Yousef Mounayyer wonders why, in the recent media debate over whether Israel is an apartheid state, Palestinian voices have been so conspicuously absent. In his history of the slave market in the antebellum South, Harvard historian Walter Johnson provides an answer. “One of the most durable paradoxes of white supremacy,” writes Johnson, is “the idea that those who are closest to an experience of oppression (in this case, former slaves) are its least credible witnesses.” 
Update (11:50 pm) 
Or perhaps it’s that Palestinians are only useful insofar as they provide “personal testimony.” The larger questions—Is this apartheid?—have to be left to the (non-Arab) experts. “Give us the facts,” as Frederick Douglass’s white patrons told him, “we will take care of the philosophy.”
Today, cross posted at CT
"A Gaza Breviary"
1. One benefit of the carnage in Gaza is that it has given people who’ve never said a word about the carnage in Syria an impetus to say a word about the carnage in Syria.
2. On Friday night, there was a fundraiser for “Friends of the IDF" at a synagogue on the Upper West Side. On Shabbat. Which means cessation, stopping. 
3. “It’s all but inevitable…that civilians will die. A law professor defends Israel’s actions in Gaza.
The list goes to 25. I'd said it included no Palestinian voice, but that's not true; the law professor in the third link above is debating Noura Erakat. The link's to Jadaliyya, probably the first time anyone at CT has linked there, and neither Erakat nor the site are acknowledged.

Another post by Robin answer's an openly fascist argument in The New Republic, written by a 23 year old, but responds to the fascism as such, not the concrete history. To do that takes too much work and grants less credit to the righteousness of the author.

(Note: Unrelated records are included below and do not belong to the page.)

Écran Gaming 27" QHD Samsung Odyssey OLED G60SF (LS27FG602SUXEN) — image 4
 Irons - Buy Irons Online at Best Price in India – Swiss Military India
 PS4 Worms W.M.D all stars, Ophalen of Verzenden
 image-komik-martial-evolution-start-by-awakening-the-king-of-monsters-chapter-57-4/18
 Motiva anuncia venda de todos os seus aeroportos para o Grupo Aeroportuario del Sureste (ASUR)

Robin argues from ideas about ideas to ideas, all mostly about himself.

The facade of reason and reasonableness in polite, optimistic, self-important left-liberalism, the liberalism of "serious" Anglo-American intellectual life, is falling.  Questions of the Iraq war and ME policy and Israel were treated as distinct, and they still are amongst those choosing now not to focus on Gaza. In the future they are going to be asked why they made that choice.

A stupid post by Jonathan Freedland at the NYR Blog.
note taking/ record keeping. My two comments made it in
Israel could have had peace a long time ago, but liberals have always covered for the actions of those who were less so. Israel was founded on the moral logic of the BNP but closer to the German: Blut und Boden. Zionism is ethnic bigotry.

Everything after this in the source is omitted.